■ INPUT DATA ■
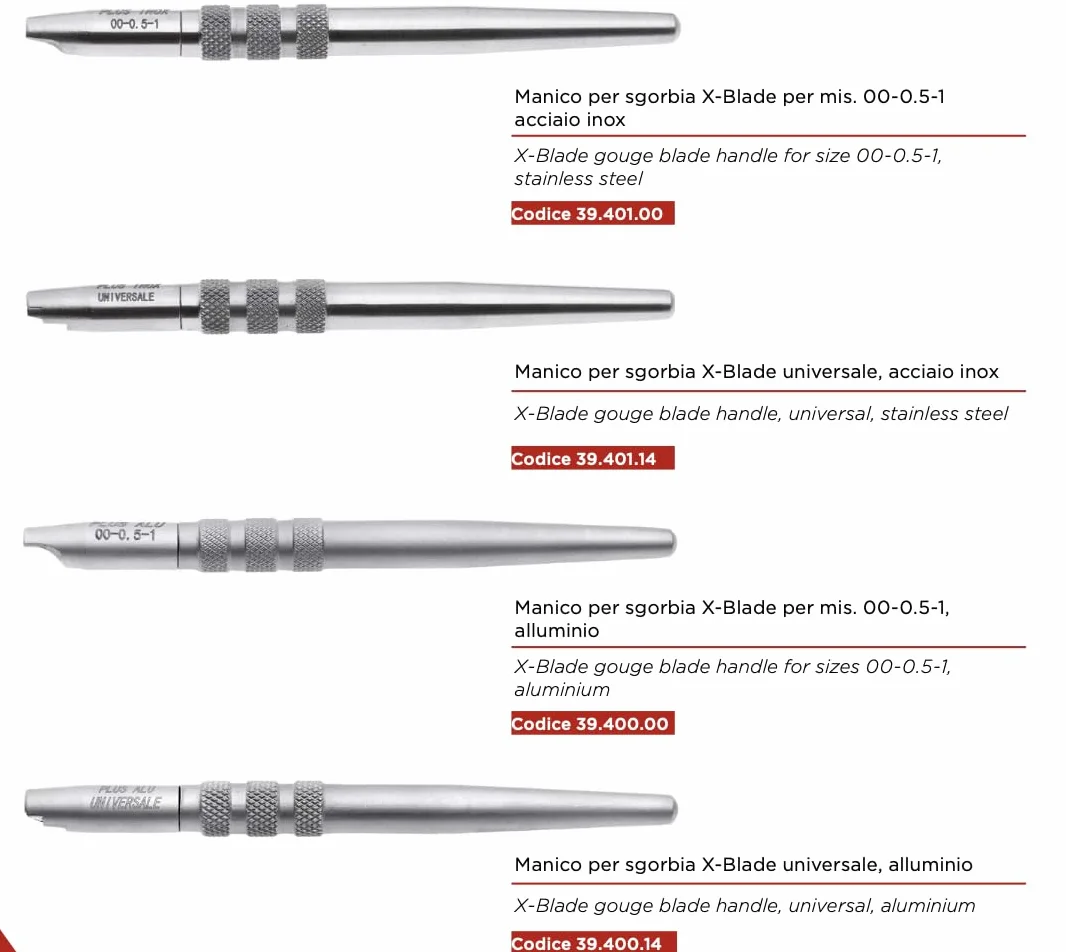 BLUE FARM | Manico per sgorbia X-Blade per mis. 00-0.5-1, alluminio 39.400.00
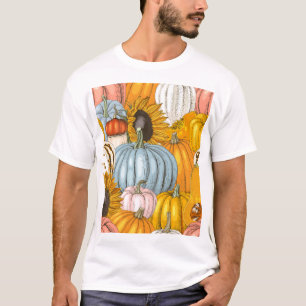 Bright pumpkins, sunflowers, hand-drawn pattern. T-Shirt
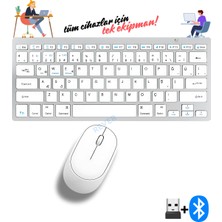 Rever Kablosuz Klavye Mouse Set Tüm Cihazlara Uyumlu Bluetooth + USB Klavye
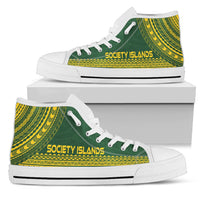Society Islands High Top Shoes - Polynesian Flag Chief Version Unisex White - Polynesian Pride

■ WHAT THE EXERCISE ASKS ■
Transcribe the listing exactly; omit all images.

■ RESPONSE TO THE EXERCISE ■
 BLUE FARM | Manico per sgorbia X-Blade per mis. 00-0.5-1, alluminio 39.400.00
 Bright pumpkins, sunflowers, hand-drawn pattern. T-Shirt
 Rever Kablosuz Klavye Mouse Set Tüm Cihazlara Uyumlu Bluetooth + USB Klavye
Society Islands High Top Shoes - Polynesian Flag Chief Version Unisex White - Polynesian Pride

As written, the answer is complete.